“The Drunkard’s Son” was re-released in April 1950 on the RCA Victor label, and is very probably another 78 that Bobby Zimmerman owned.
Manuscript written by “Bobby Zimmerman” supposedly inspired by a Jimmie Rodgers’ song MY DRUNKARD’S CHILD, Bob’s earliest known composition. Lyrics from the song are quoted in Clinton Heylin’s book “Bob Dylan Behind The Shades: The Biography Take Two” (Viking, 2000/Penguin, 2001). Other sources say that Bob simply copied the words from a radio performance by Hank Snow of his then-unreleased song THE DRUNKARD’S SON and left it on the kitchen table of a Julie Znidar!
In an old dusty attic
In a little house, I happened to wander one day
And there in the rafters, mid shavings and chips
A drunkard’s poor little boy layOh why are you lying up there in the cold
You look like you’ve never been fed
My father’s a drunkard, and he beat me today
My darling old mother is dead
I’m hiding from father and please sir, don’t tell
He beat me ’cause I would not steal
He said he would kill me the next time I failed
And I’m so afraid sir, he will.
I’m leaving you here son I sadly replied
But I will be back right away
But when I returned to the attic I found
The chips and the shaving were there as before
The little boy lie on his bed
Whith tears on his face and his hands at his side
The poor little fellow was deadA picture of mother lay close to his heart
A faint little note by his head
As I oppened [sic] the pages, my eyes filled with tears
For these were the words that it said
I’m hiding with Jesus who I’ll always be by
And my mother who I love, oh so well
And thank you dear mister for your kindness and **** [ILLEGIBLE]

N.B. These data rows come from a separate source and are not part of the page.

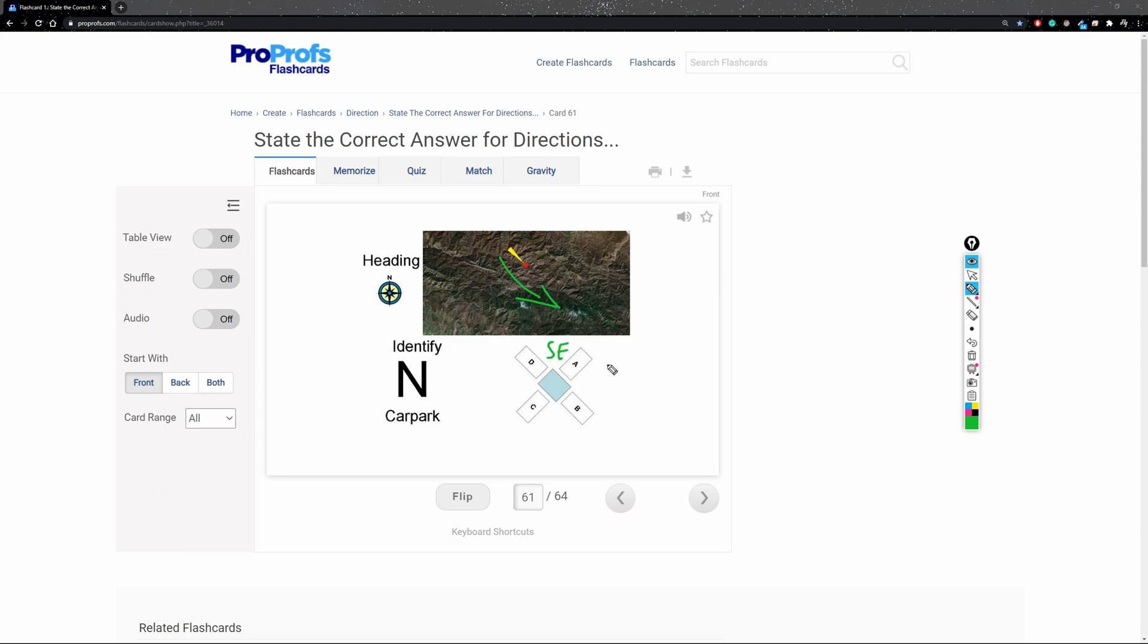So what is the next compass heading that comes up after Southeast? It's going to be South. So there you go.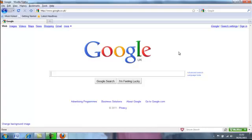Search engines work by indexing websites and reading web pages for the words on those pages. Those words are sometimes known as keywords.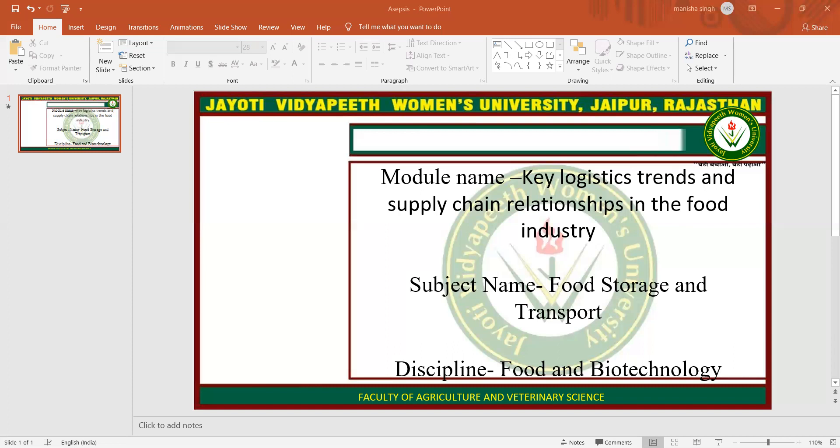The supply chain for an individual firm begins with vendors, plants, ports, or farms. Raw material is transported by any transportation system, then stored in warehouses. From the warehouses, it is transported to the factory. At the factory it is processed and manufactured. Then it is transported back to the warehouses, and from there transported to the customers.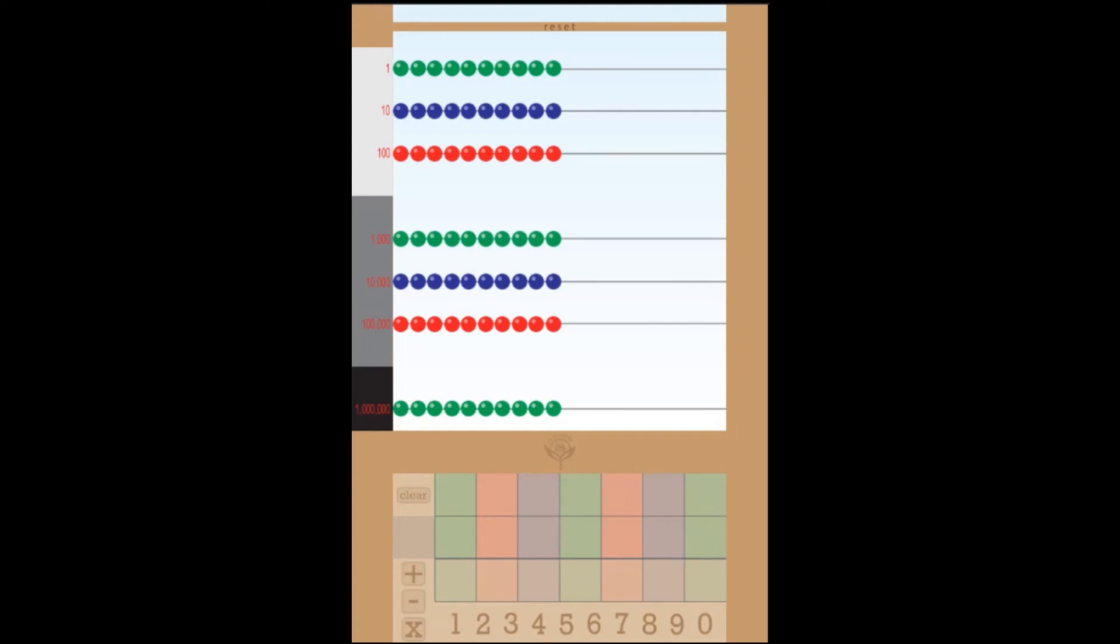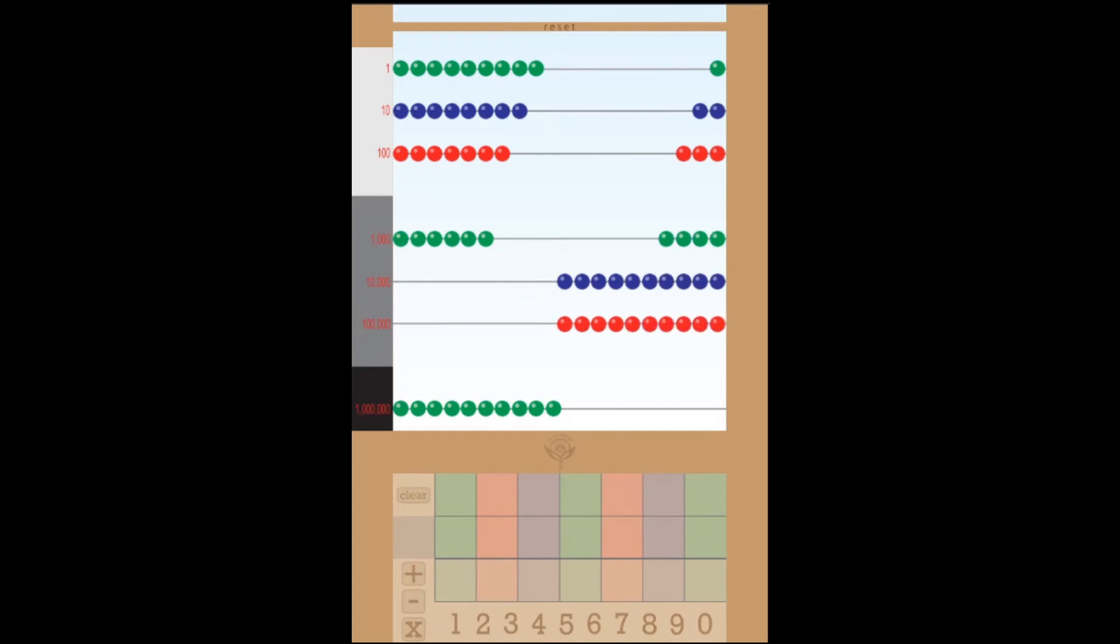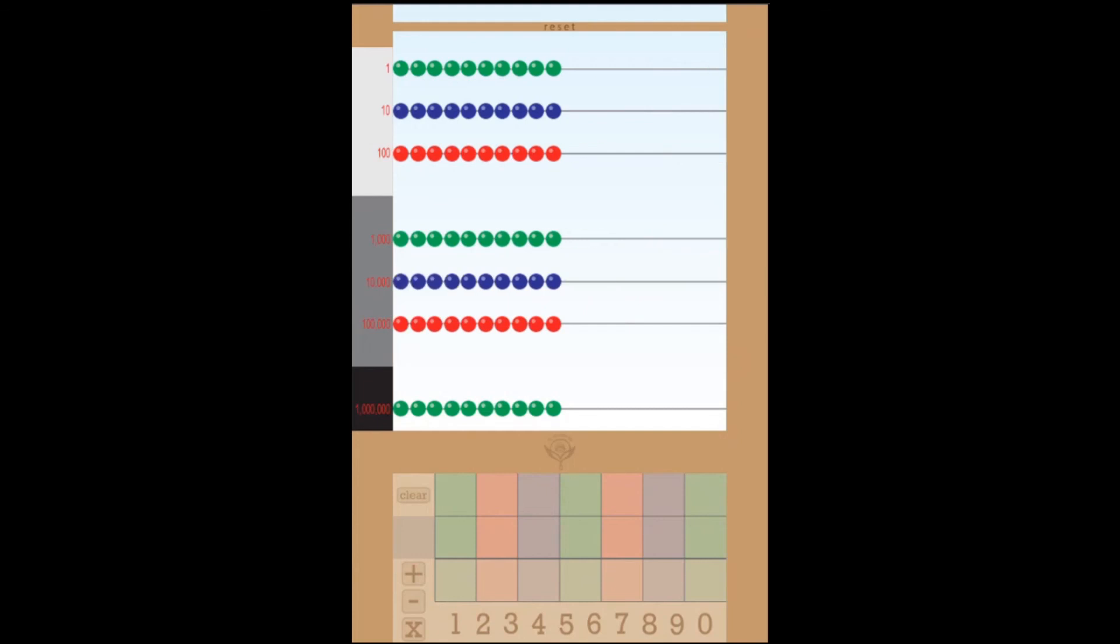You can make them go over one at a time just by touching them or even in multiples if you choose or send the whole lot over. If you're not liking them over there send them back and if you need to reset there's a little option at the top to send them all back.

And now it’s alright if you tell
Dylan’s transcription of of “The Drunkard’s Son” appeared in the August-September, 1992 edition of ISIS, which dated the manuscript circa 1952-’55, making the young Bob Zimmerman somewhere between 11 and 14. Although I don’t have a copy of that magazine at hand, commentary on the Web suggests that the transcription was first thought – just like “Little Buddy” – to be a very early example of a Dylan attempt at songwriting, or more accurately poetry, apparently used by the young Bobby Zimmerman to woo a girl he was sweet on
After the manuscript was published, someone eventually pointed out that the young Zimmerman’s “Drunkard’s Son,” was actually Hank Snow’s “Drunkard’s Son,” almost exactly paralleling the “Little Buddy” story.
In 1993 the Dylan fanzine Isis had published the text of a ‘poem’, written in Bob Zimmerman’s own hand, the original of which had been posted by an unnamed hand to the fanzine’s editor, Derek Barker.
This ‘poem’ was a mournful tale narrated as if by a scared boy in hiding to avoid being beaten by his drunkard father. Five issues later, reader John Roberts wrote in to say that he had found an album on the cheap RCA Camden label, dated 1962, titled The One and Only Hank Snow, and risked wasting his 75p on this unknown music because of its inclusion of a song, credited to Hank Snow’s original name, Clarence E. Snow, titled ‘The Drunkard’s Son’ and handily summarised in the sleeve notes as ‘the mournful tale of a scared boy in hiding to avoid being beaten by his drunkard father.’ Yes indeed.
As Roberts nicely observes, if the ‘Zimmerman Transcript’ is authentic, which now seems established, it is a ‘truly unique document—the first evidence we have of Bob’s plagiarism!’ Ironically, it’s an example of Snow’s plagiarism, too. Look back at the Jimmie Rodgers catalogue, and there, recorded in Atlanta in 1929, is Rodgers’ ‘A Drunkard’s Child’.
Perhaps it was still in Hank Snow’s repertoire when Dylan, in his youth, was in the audience for his show at the Veterans Memorial Building, Hibbing. Dylan mentions this in Chronicles Volume One—and a few pages later writes that before he encountered Woody Guthrie, when Hank Williams had been his ‘favorite songwriter’, Hank Snow had been ‘a close second’.